Control Center provides built-in dashboards for viewing these metrics, and
we recommend that you set alerts at least on the first three.
kafka.server:type=ReplicaManager,name=UnderMinIsrPartitionCount
- Number of partitions whose in-sync replicas count is less than minIsr.
kafka.server:type=ReplicaManager,name=UnderReplicatedPartitions
- Number of under-replicated partitions (| ISR | < | current replicas |). Replicas that are added
as part of a reassignment will not count toward this value. Alert if value is greater than 0.
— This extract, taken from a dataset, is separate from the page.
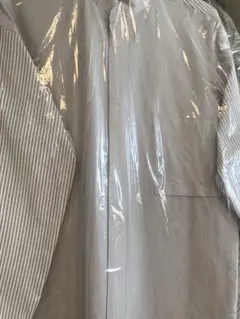 【レア/美品】UNIQLO +J ストライプシャツ Mサイズ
kafka.server:type=ReplicaManager,name=ReassigningPartitions
- Number of reassigning partitions.
kafka.cluster:type=Partition,topic={topic},name=UnderMinIsr,partition={partition}
- Number of partitions whose in-sync replicas count is less than minIsr. These partitions will be unavailable to
producers who use
acks=all
.
kafka.controller:type=KafkaController,name=OfflinePartitionsCount
- Number of partitions that don’t have an active leader and are hence not writable or
readable. Alert if value is greater than 0.
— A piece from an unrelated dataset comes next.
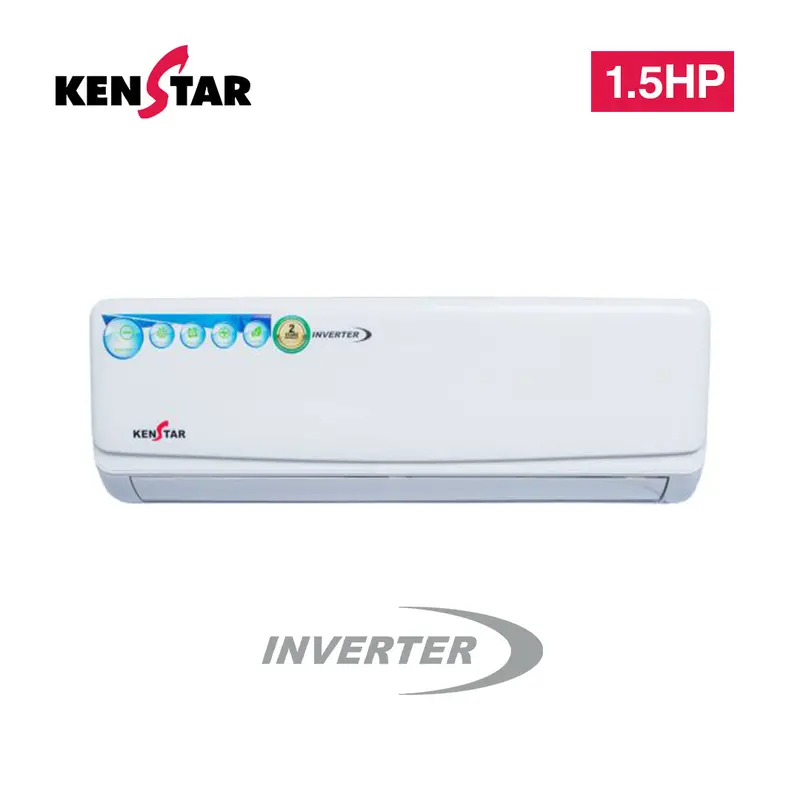 Kenstar Ks-12Tnv 1.5 Hp Inverter Split Ac With Installation Kit (R410A) 1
kafka.controller:type=KafkaController,name=ActiveControllerCount
- Number of active controllers in the cluster. Alert if the aggregated sum across all brokers in the cluster is anything
other than 1 because there should be exactly one controller per cluster.
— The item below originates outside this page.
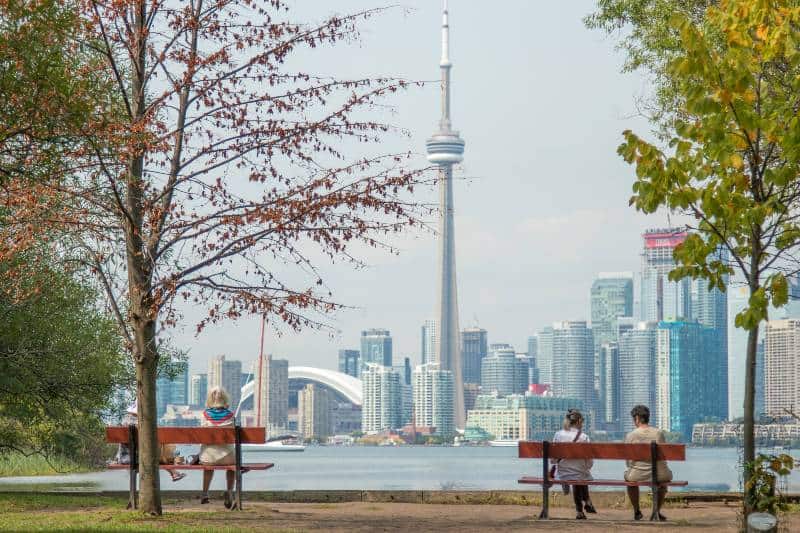 Toronto Island Park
kafka.controller:type=KafkaController,name=GlobalPartitionCount
- Number of partitions across all topics in the cluster.
kafka.server:type=BrokerTopicMetrics,name=BytesInPerSec
- Aggregate incoming byte rate.
kafka.server:type=BrokerTopicMetrics,name=BytesOutPerSec
- Aggregate outgoing byte rate.
kafka.network:type=RequestMetrics,name=RequestsPerSec,request={Produce|FetchConsumer|FetchFollower}
- Request rate.
kafka.server:type=BrokerTopicMetrics,name=TotalProduceRequestsPerSec
- Produce request rate.
kafka.server:type=BrokerTopicMetrics,name=TotalFetchRequestsPerSec
- Fetch request rate.
kafka.server:type=BrokerTopicMetrics,name=FailedProduceRequestsPerSec
- Produce request rate for requests that failed.
kafka.server:type=BrokerTopicMetrics,name=FailedFetchRequestsPerSec
- Fetch request rate for requests that failed.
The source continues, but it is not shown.